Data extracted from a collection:
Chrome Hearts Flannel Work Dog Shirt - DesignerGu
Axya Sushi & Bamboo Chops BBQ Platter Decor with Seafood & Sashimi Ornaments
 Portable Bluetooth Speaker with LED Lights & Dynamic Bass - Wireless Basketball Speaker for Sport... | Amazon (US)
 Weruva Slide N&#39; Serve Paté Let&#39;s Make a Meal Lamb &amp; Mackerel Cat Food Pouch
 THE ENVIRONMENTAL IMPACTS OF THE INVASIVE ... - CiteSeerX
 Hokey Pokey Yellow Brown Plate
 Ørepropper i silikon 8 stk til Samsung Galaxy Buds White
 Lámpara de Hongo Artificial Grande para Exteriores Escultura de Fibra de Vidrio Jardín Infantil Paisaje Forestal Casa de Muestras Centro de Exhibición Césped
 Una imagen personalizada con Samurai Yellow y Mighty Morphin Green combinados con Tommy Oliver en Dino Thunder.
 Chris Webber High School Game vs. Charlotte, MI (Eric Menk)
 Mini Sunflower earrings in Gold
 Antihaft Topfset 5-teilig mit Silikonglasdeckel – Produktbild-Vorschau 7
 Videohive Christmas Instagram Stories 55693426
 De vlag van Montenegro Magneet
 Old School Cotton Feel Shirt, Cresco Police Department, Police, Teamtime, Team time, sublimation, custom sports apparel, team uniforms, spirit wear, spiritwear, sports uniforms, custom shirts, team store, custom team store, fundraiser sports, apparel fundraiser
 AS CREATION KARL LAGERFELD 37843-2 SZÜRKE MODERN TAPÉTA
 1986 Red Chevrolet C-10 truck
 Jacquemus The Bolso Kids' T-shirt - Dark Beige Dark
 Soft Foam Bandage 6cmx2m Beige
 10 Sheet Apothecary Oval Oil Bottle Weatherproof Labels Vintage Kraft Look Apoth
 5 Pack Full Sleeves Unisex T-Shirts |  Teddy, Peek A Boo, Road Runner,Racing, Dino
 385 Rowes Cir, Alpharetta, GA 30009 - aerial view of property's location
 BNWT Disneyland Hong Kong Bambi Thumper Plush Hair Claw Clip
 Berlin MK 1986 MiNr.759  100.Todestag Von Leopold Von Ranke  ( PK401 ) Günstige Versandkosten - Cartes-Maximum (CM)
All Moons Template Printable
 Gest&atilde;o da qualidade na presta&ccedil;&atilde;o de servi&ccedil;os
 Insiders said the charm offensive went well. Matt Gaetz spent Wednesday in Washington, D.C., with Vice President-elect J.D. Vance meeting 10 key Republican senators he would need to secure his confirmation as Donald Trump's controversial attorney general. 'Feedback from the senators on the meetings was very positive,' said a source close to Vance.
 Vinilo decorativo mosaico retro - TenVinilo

Work instruction:
The result should be every line that contains "Beige", copied from the entries.

Final answer:
 Jacquemus The Bolso Kids' T-shirt - Dark Beige Dark
 Soft Foam Bandage 6cmx2m Beige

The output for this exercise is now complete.